I'll probably delete this one.
brooke Apr 2017
I have always thought of home to be a place
have described myself within a myriad of
different protagonists, herbs and flaccid analogies
i have been birds nesting in rafters, wolves
and nothing more than a willowy spirit without a
body--

and i thought for a moment that people could be homes
too, the way you walk into hugs or are metaphorically
gathered, i watched him in the mirror sliding around
my waist, resting on my hips, smelling my hair, picking
me up to put in a vase, ridiculously pretty, you know that?

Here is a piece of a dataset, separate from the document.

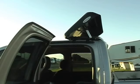Installation is done. If you've done it correctly, your door should open and close with no interference.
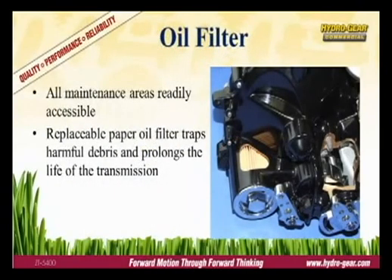Routine maintenance helps ensure proper function and prolongs equipment life. The Hydrogear ZT5400 commercial transmission is easy to maintain with a cartridge-style oil filter to trap harmful debris.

and it's not that I longed for more,  
that I have longed for where, for a here that
i am acutely aware of how i vacillate between empty
and overflowing, of my own thoughts, i have heard
you think too much and maybe I do-- maybe too much
of me lingers

In dreams I unzip and turn myself inside out
like a dress, fold my shoulders down and the mountains
reappear, i am all the grass of a former self, before the tides and winds and men, before my choices bent me back
and took a swiss army knife to whittle me away

i think i am longing to be clean
to be over to breathe and not feel the strings
the way my voice splits into a rank of pipes swelling into a hundred  voices and he only hears a few, i am many
longing to be one, he cannot twist the drawknob
because I am already filling the cathedral in the words of
Stravinsky, the
                                m onster never b r e a t h e s



and I feel like i never have
i am earnest to fill my lungs with air instead of water
join the present, but the Welsh knew me too well,
the portuguese, saudade and the Germans, sehnsucht
put a letter to the things that can only be described in paragraphs or tears or indeterminate intervals of time sitting on his bed while he showered, all the doors slammed, empty coffee cups,
clogged sinks, unswept floors, long drives,
shots of whiskey, withering glances held on tension and
te amo mouthed across the room--

we wonder, can we be reached?  wrought? touched.  found.
in our deepest hearts, wounded mysticism, an untapped sense of joy that can be lanced and spilled, I am wistful, anxiously waiting to be siphoned,

Hiraeth.
(c) Brooke Otto 2017

I could not for the life of me pronounce all the words correctly in one go, and this last recording was unusually emotional for me so I didn't want to waste it.

Here's the recording: https://soundcloud.com/brooke-otto-597708624/hiraeth/s-dQvVh

Hiraeth doesn't directly translate into english, but it is more a less a  Welsh word to describe the longing for a home lost. Homesickness, for lack of a definition. Which makes a lot of sense given the history of Wales. Too much has been said on the subject, though. I don't think hiraeth is meant to be understood so much as it is meant to be felt. Either way, this poem is to be felt.